What needs to change to encourage continued progress in our city?
We cannot fall victim to splitting up geographically or civically by ideology as other communities have. I don’t believe we have, but we most certainly can; in fact, I believe it is the easiest way forward. But we can’t take that easy road. There is so much that binds us and this community genuinely is teaching other communities that lesson daily. I think our understanding and pride in that could always be greater. That doesn’t mean we get content or pat ourselves on the back. We have to continue the intentional work of creating a more fair and just community; we can do both at the same time. In fact, I would argue that embracing and being proud of what binds us together makes that work more long-lasting. We are a good community that of course can be more perfect. I think it’s healthy and good to embrace that, and not get debilitated and split up by a “grass is greener” mentality of what we’re not.
What would be a missed opportunity in Macon?
Congress not recognizing the almost century-long effort to create the Ocmulgee National Park and Preserve this year would be a missed opportunity not just for Macon, but for the region and state. This is the moment, and I don’t believe we have a choice but to rise to it.
When you talk about Macon to people who don’t live here, what do you tell them?
I describe the people. I’ve lived all over the world and never seen a community with such disparate ideologies dedicated to making itself better. In a time where you turn on the news and it seems our fate is to succumb to being pitted against one another, it’s terribly refreshing to turn it off, walk outside and into our community and see that another way is possible. And I hope our community understands how unique an asset that is and how coveted it is.
What does it mean to be a good leader?
When I was elected in 2020, I received a note from a former state-wide constitutional officer and conservationist that I deeply respect. The note read, “Remember that you are usually half wrong and the other guy is half right…” Trying to remind yourself of that when you’re at your most sure and your most righteous, I believe, is leadership.
What do you consider your greatest achievement?
My family, but it’s hardly my achievement. My wife Rebecca and son Stroud have a kindness in them that I daily strive to match and nurture.

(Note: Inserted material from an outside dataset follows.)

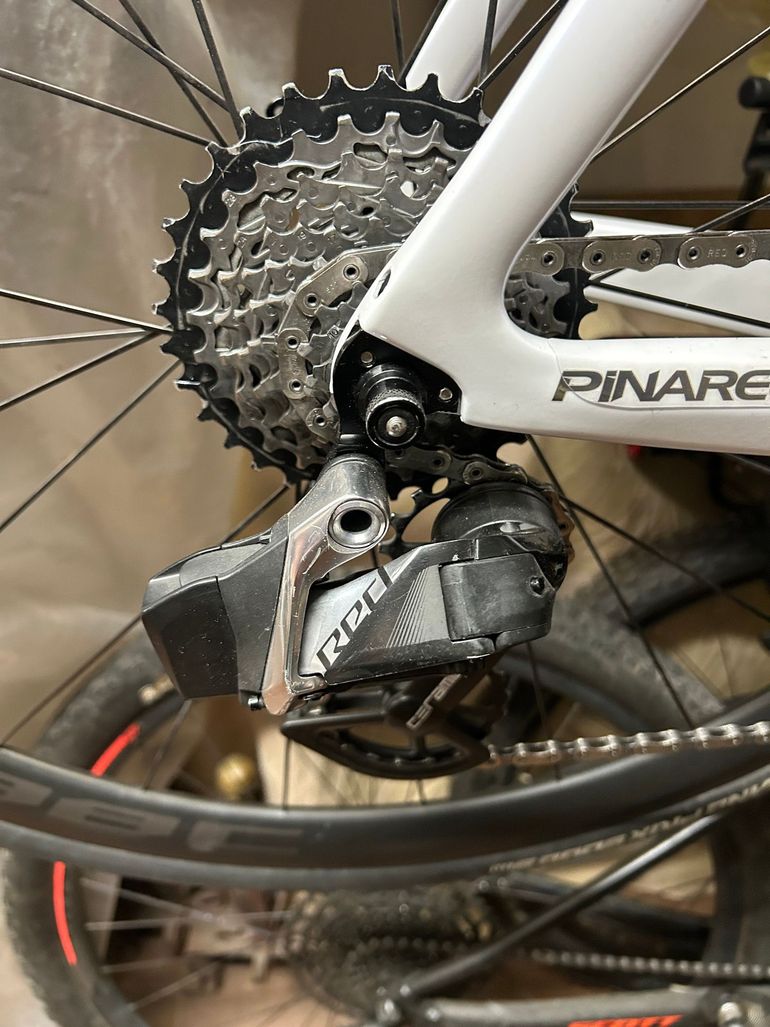 Brugt Pinarello Dogma SRAM Red eTap AXS 2025 Road & Gravel — billede 3 af 5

Simply being able to witness and learn from the kindness Rebecca instills in our home and our community through her own work as a nonprofit leader and therapist is what I am most proud of. I’m deeply proud of both of them and learn to be a better person every day I get to spend with them.
What are three qualities that got you where you are today?
I’m not sure, to be honest. I make a lot of mistakes. When I do, I look to people in this community for grace and inspiration to keep going. I don’t believe I have any inherent quality that got me anywhere. This community — we, not I — has qualities that got us where we all are together, and those qualities collectively keep us going. This community got me where I am today; and for that, I am deeply grateful and forever in debt to it.